• **RECORDS FOR THIS TASK**:
^^^^^^^^^^^^^^^^

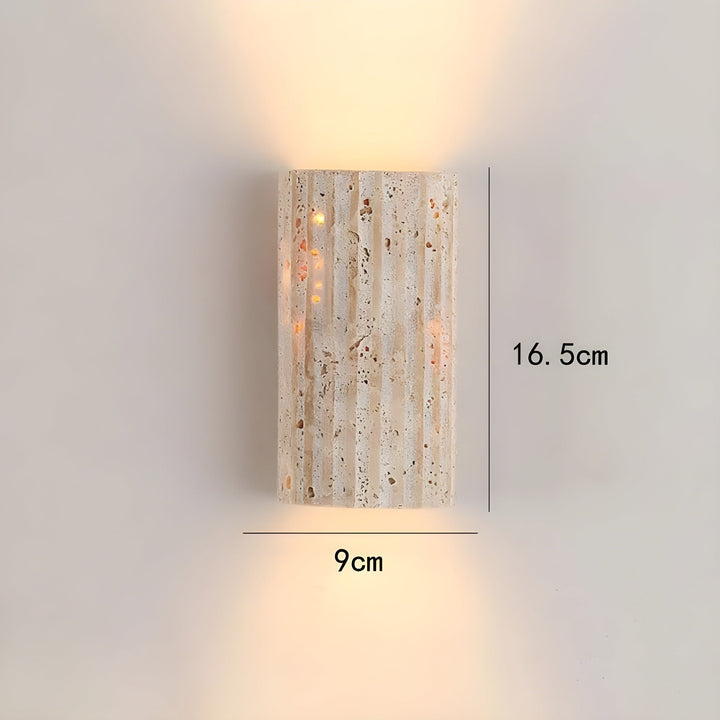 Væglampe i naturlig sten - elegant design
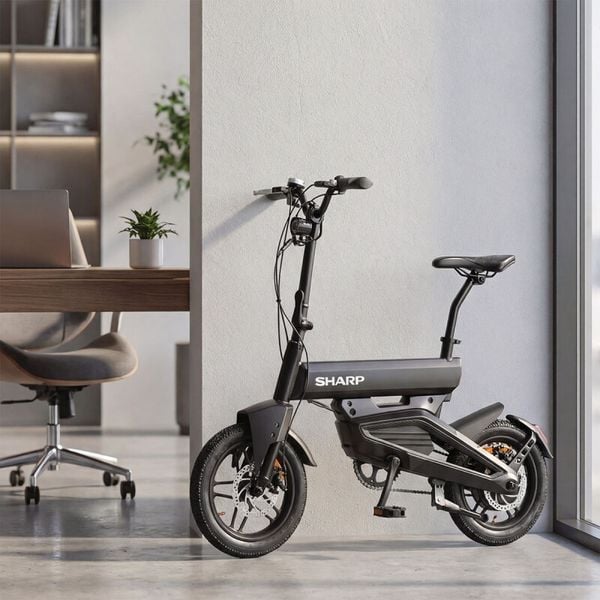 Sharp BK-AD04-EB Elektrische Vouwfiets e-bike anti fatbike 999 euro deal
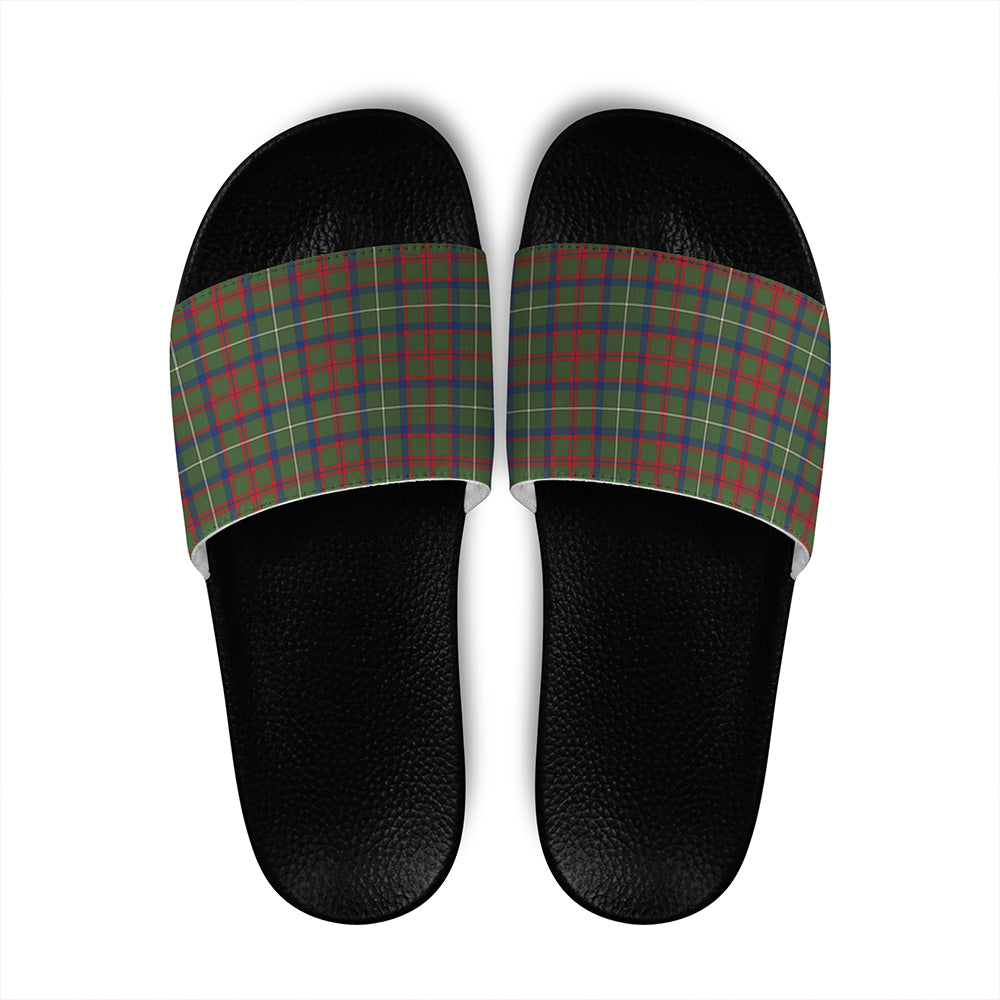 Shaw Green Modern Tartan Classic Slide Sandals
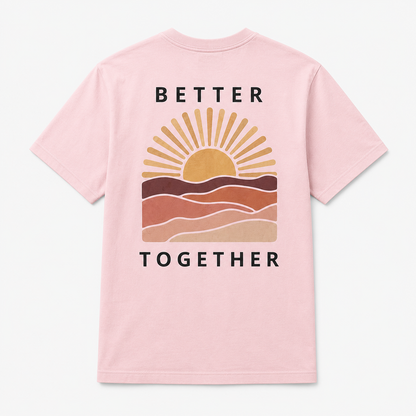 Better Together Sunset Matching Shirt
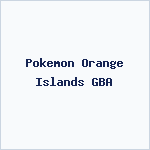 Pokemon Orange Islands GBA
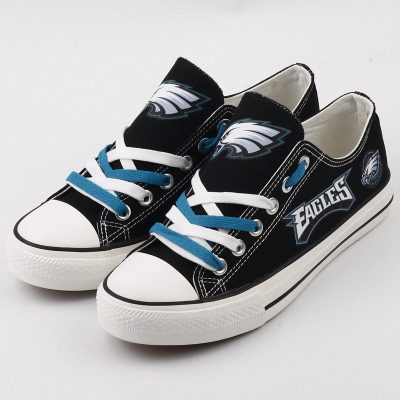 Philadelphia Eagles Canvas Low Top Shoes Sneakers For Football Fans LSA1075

^^^^^^^^^^^^^^^^

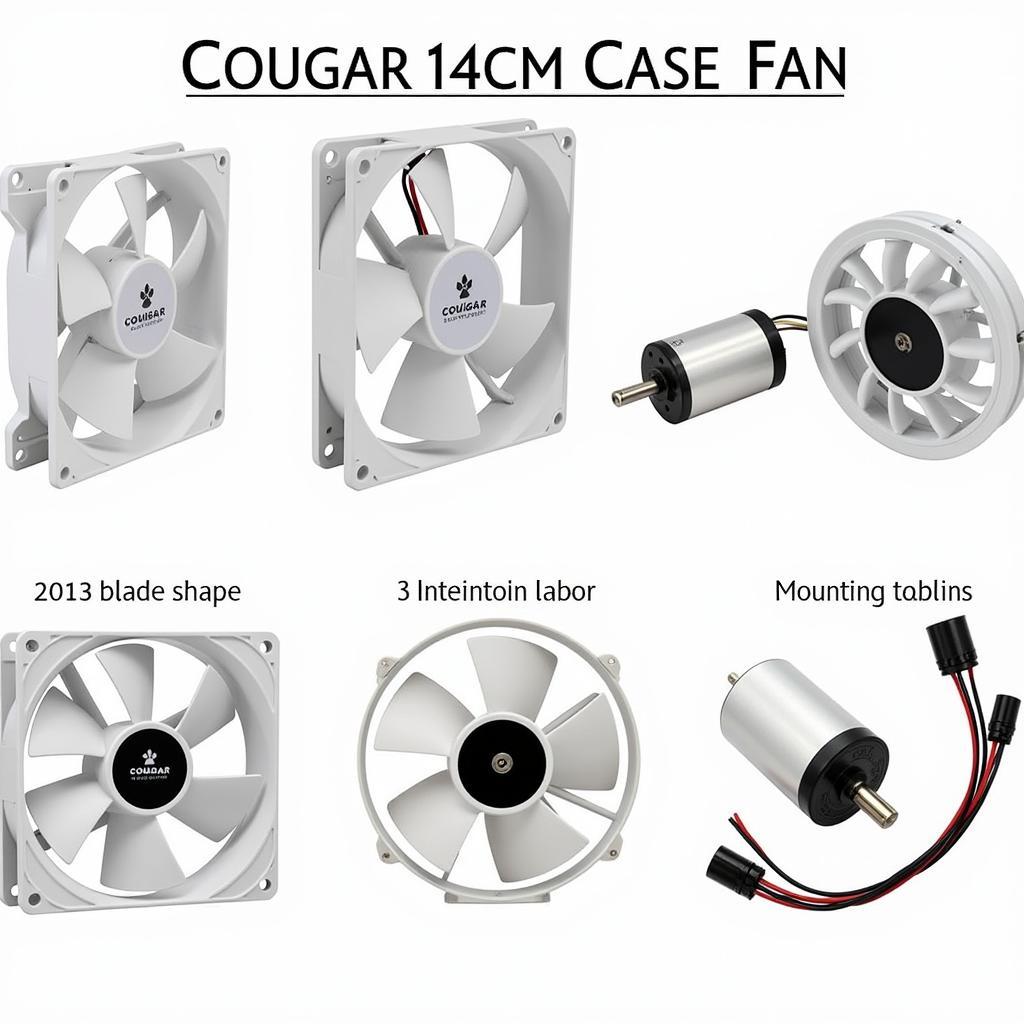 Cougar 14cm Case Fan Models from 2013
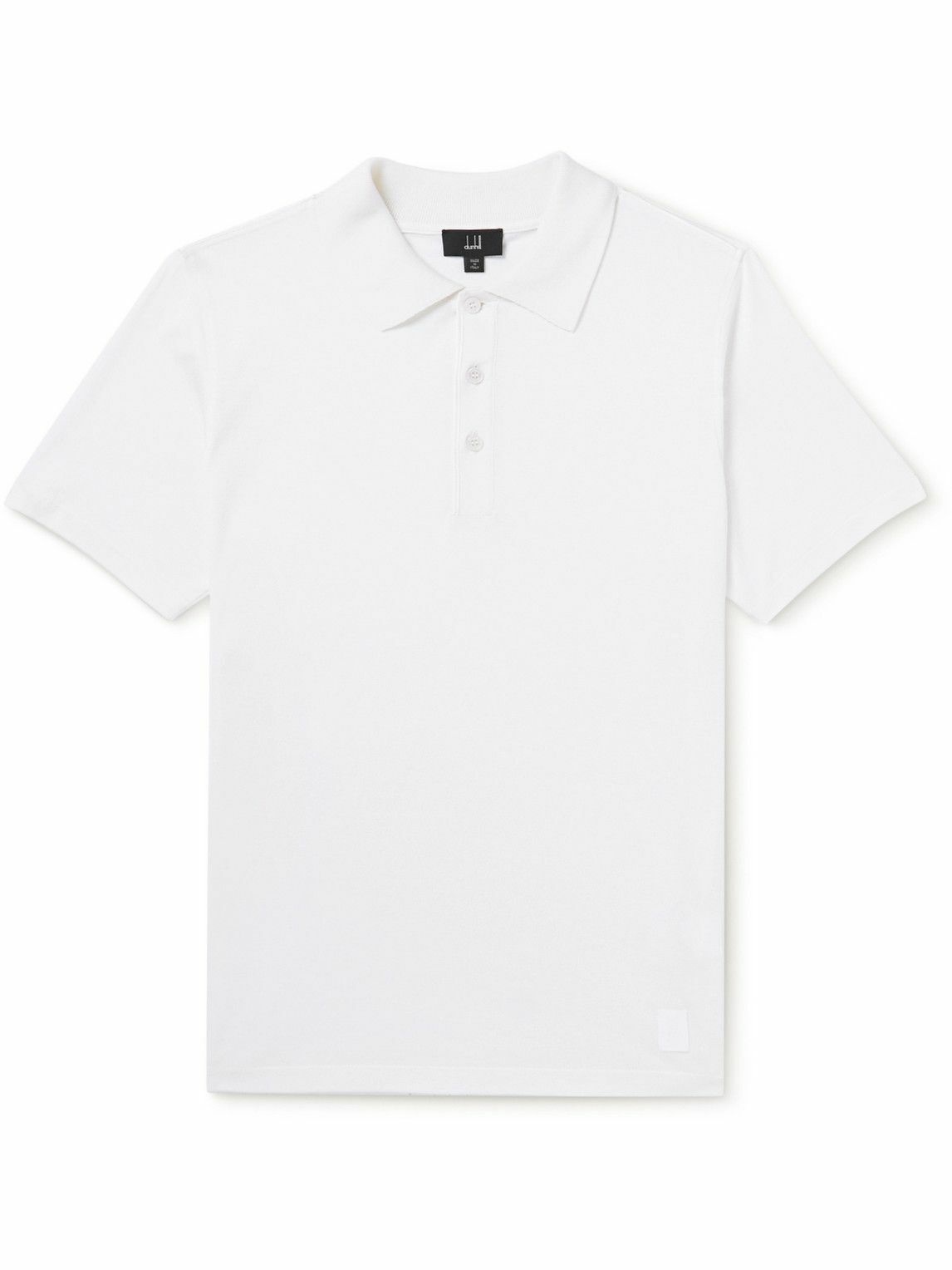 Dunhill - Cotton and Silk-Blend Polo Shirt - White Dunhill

^^^^^^^^^^^^^^^^

• **YOUR ASSIGNMENT**:
Starting at the line above with "Pokemon Orange Islands GBA", output every line exactly up to and including the line with "Philadelphia Eagles Canvas", but none of the pictures.

• **SOLUTION**:
 Pokemon Orange Islands GBA
 Philadelphia Eagles Canvas Low Top Shoes Sneakers For Football Fans LSA1075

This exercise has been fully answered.